__Directions for this task__. Each line of the records that holds "Sandals" should be shown in full.

BEGIN Provided entries

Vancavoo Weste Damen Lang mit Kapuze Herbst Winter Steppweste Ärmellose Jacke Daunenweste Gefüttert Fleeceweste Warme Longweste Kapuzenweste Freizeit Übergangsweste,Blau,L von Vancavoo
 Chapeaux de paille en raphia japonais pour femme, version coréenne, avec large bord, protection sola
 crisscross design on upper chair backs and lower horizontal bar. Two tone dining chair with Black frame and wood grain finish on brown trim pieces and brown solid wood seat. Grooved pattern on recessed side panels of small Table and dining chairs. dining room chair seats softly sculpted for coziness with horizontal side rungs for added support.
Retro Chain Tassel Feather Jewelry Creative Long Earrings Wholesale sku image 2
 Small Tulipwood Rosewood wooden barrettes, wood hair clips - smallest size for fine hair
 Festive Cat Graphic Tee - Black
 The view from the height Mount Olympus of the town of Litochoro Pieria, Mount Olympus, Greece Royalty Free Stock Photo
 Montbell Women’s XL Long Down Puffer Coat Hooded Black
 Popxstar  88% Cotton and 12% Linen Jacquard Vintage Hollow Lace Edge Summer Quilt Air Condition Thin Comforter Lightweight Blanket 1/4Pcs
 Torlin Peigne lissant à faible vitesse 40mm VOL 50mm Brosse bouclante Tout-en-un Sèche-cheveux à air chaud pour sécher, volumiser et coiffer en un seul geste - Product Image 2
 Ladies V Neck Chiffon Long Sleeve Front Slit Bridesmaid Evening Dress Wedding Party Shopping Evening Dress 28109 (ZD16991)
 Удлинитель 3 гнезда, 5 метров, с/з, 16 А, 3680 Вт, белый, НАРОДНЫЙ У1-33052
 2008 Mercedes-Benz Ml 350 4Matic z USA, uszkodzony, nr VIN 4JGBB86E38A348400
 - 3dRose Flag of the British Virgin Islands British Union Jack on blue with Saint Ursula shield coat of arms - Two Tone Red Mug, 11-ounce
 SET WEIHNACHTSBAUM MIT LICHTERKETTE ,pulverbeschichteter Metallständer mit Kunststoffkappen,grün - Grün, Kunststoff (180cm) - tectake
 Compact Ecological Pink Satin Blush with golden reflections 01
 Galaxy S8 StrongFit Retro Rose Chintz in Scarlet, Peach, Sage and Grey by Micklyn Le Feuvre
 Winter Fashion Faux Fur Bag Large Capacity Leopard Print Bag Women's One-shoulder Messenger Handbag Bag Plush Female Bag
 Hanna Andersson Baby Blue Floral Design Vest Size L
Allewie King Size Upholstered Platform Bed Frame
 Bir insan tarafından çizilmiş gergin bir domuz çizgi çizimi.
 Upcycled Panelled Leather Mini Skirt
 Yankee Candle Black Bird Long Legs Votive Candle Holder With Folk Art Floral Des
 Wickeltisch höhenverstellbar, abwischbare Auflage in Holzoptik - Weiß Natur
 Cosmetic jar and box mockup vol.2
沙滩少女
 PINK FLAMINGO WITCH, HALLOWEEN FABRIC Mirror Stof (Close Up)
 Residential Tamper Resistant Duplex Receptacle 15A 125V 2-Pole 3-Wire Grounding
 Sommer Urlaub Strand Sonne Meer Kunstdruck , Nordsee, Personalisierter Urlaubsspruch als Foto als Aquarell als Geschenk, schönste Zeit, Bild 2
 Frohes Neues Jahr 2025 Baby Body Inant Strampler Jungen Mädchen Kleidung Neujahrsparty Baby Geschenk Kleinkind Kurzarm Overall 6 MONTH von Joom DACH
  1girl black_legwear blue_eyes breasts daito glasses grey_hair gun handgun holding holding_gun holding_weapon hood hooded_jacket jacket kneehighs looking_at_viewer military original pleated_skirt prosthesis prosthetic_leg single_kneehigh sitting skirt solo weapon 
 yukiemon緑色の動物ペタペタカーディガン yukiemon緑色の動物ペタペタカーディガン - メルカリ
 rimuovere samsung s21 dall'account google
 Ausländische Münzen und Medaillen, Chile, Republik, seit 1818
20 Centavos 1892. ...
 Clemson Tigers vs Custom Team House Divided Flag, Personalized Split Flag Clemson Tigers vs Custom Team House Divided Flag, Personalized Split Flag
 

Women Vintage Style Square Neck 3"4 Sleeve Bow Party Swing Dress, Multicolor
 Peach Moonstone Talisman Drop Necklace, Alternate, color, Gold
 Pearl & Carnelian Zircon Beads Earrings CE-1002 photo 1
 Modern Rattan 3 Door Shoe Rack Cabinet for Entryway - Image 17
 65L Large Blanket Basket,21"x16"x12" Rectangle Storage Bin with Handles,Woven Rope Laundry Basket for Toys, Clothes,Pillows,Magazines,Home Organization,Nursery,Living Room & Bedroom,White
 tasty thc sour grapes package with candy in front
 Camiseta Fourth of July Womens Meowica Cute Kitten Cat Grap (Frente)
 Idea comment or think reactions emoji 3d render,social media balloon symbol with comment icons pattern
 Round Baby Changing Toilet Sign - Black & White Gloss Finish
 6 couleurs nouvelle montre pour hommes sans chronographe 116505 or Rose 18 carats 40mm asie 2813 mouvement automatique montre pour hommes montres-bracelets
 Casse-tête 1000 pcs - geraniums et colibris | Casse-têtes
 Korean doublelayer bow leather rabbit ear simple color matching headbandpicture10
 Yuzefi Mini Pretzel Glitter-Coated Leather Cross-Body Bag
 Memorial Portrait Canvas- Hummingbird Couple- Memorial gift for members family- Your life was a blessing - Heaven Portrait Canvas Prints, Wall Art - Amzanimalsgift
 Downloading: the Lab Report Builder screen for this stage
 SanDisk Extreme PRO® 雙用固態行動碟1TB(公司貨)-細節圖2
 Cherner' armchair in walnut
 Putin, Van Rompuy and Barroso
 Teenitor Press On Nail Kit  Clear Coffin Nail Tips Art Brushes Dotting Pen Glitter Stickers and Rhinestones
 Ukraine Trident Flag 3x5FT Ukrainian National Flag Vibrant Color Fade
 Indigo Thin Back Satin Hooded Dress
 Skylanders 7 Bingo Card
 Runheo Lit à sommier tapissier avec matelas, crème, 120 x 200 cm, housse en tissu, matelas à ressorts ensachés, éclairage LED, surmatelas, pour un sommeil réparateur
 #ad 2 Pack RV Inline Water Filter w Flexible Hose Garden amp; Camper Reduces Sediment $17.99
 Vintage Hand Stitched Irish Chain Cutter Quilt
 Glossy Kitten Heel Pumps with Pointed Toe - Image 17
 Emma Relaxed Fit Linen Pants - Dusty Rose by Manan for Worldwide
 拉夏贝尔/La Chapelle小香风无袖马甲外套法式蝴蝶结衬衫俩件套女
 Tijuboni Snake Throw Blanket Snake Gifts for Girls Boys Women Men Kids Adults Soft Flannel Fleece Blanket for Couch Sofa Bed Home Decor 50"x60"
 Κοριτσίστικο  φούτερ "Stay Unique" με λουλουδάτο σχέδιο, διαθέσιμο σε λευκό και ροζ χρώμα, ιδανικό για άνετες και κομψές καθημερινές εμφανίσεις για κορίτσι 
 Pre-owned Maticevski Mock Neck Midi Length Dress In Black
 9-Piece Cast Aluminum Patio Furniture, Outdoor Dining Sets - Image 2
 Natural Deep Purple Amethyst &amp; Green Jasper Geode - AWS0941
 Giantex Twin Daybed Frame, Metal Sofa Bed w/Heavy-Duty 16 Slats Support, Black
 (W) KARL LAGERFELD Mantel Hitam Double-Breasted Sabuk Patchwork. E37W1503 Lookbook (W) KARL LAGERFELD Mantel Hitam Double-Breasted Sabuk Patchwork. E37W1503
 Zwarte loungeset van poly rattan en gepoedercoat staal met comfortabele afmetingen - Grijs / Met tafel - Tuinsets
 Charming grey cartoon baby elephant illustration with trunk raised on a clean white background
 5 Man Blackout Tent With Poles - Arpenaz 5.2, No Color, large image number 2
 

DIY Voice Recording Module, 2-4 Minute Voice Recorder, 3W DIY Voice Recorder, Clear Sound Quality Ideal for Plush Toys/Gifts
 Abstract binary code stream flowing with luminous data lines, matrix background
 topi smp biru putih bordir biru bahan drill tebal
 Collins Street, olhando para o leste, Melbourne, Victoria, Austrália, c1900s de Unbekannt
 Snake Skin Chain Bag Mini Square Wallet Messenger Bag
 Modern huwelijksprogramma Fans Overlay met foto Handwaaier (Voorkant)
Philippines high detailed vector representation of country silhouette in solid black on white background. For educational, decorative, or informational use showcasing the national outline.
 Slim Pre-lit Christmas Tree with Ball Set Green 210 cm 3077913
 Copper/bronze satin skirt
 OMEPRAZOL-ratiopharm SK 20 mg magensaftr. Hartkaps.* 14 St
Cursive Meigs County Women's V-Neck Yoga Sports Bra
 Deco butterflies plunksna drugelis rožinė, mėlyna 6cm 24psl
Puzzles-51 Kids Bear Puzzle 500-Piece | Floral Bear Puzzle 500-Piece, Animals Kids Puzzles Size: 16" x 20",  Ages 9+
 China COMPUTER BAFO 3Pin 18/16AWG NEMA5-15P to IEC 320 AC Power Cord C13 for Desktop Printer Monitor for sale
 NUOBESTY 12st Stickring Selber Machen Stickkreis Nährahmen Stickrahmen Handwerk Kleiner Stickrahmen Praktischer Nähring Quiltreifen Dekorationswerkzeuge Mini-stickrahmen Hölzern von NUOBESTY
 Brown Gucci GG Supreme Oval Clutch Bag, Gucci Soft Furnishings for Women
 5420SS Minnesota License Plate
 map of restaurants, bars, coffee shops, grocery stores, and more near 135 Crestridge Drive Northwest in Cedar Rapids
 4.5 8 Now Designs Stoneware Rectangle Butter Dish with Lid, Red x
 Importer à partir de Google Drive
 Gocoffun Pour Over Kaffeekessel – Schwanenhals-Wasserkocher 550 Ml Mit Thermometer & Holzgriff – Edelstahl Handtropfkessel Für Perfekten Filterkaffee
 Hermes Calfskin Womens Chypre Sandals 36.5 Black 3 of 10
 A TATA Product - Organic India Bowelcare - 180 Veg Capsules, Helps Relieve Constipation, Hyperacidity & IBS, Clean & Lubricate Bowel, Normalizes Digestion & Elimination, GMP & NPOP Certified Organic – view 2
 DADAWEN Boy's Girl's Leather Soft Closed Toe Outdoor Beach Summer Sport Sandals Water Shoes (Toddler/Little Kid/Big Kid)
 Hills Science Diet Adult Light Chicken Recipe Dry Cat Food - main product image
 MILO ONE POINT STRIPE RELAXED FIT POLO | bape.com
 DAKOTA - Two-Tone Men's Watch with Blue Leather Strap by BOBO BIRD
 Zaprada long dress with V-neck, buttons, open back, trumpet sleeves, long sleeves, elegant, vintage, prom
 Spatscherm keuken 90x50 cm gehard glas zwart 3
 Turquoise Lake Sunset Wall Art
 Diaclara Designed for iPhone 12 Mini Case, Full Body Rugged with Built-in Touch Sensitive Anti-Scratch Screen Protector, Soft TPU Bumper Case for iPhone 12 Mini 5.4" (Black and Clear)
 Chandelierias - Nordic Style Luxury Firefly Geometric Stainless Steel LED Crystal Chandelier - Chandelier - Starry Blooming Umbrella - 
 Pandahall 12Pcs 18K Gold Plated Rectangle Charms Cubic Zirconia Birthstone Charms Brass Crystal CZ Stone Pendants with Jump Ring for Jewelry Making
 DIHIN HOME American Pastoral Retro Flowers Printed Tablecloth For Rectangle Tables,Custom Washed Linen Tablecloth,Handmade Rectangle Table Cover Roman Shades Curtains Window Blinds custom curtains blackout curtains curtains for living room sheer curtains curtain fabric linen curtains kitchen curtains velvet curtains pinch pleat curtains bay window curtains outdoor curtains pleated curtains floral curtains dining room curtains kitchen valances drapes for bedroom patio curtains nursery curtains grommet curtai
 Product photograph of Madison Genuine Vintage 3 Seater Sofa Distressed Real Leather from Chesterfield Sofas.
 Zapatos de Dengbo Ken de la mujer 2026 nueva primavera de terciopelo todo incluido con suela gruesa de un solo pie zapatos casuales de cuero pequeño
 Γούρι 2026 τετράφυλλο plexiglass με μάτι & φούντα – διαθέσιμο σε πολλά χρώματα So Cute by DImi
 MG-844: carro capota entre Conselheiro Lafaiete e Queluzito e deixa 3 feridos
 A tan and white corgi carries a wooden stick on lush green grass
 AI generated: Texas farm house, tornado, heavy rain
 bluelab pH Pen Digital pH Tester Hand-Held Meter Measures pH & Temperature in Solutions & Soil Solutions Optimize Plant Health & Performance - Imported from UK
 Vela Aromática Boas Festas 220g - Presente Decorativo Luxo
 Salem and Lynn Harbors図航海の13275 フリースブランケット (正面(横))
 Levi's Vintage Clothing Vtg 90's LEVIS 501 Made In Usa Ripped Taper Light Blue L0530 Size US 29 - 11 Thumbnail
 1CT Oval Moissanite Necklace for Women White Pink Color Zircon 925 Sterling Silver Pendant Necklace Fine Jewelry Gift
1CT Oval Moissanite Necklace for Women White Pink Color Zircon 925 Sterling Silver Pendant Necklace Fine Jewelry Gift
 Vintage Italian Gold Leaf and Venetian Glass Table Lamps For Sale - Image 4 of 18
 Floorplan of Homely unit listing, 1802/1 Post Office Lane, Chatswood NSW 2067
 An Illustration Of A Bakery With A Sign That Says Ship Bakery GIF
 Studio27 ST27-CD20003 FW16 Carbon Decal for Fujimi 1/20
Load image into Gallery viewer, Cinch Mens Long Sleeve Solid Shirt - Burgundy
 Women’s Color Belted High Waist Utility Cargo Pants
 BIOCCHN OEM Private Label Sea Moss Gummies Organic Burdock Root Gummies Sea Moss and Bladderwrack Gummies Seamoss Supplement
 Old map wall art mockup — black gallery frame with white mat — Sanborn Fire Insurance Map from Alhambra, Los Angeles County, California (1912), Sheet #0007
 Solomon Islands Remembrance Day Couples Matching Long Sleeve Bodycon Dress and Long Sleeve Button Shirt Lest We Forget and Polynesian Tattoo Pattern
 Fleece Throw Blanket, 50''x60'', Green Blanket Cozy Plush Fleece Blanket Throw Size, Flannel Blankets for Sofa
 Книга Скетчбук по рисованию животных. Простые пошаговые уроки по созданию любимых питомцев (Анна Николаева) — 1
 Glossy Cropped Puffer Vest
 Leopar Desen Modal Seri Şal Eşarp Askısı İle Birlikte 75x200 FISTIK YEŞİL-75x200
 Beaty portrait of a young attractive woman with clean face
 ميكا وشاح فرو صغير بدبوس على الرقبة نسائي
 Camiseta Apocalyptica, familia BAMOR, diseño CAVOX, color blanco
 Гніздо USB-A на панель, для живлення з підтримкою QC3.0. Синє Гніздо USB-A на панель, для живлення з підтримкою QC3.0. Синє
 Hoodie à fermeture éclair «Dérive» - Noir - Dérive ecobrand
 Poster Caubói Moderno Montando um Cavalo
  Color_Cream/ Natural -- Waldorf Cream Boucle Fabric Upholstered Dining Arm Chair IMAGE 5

END Provided entries

__Exercise result__.
 Hermes Calfskin Womens Chypre Sandals 36.5 Black 3 of 10
 DADAWEN Boy's Girl's Leather Soft Closed Toe Outdoor Beach Summer Sport Sandals Water Shoes (Toddler/Little Kid/Big Kid)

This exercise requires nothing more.